Diam Bukanlah Pilihan
“Kita memiliki banyak masalah itu bukan karena semata orang jahat yang banyak, tetapi karena orang-orang baik hanya diam dan mendiamkan”. Kurang lebih seperti itu kata mutiara yang pernah diucapkan oleh Anies Baswedan, seorang akademisi yang sekarang menjabat sebagai menteri pendidikan.

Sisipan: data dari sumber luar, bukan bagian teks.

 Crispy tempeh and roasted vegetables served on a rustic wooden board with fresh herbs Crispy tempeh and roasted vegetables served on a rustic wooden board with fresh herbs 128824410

Jika kita maknai kalimat tersebut, memang benar jika sekarang banyak orang yang memilih diam ketika ada suatu hal yang tidak sesuai dengan hal yang semestinya. Berbagai pelanggaran terus membumbui dunia media Indonesia. Walaupun telah ada teguran dari pemerintah namun hal itu saja ternyata tidak cukup untuk membendung sisi gelap media Indonesia. Lembaga independen pemerintah seperti Komisi Penyiaran Indonesia dan Dewan Pers juga belum mampu menjadi anjing penjaga yang siap menggonggong keras jika ada sesuatu yang tidak beres. Seringkali kita berkata bahwa media massa merupakan pilar keempat demokrasi yang siap mengawasi dan mengontrol jalannya tiga pilar demokrasi lainnya –eksekutif, legislatif, dan yudikatif-. Pertanyaaannya sekarang ialah bagaimana jika sang pilar keempat tersebut justru tidak mampu menjalankan fungsi yang seharusnya ia lakukan? Jawabannya adalah kita. Kita adalah pengawas dan pengontrol pilar keempat tersebut –bahkan menjadi pengawas keempat pilar tersebut sekaligus-.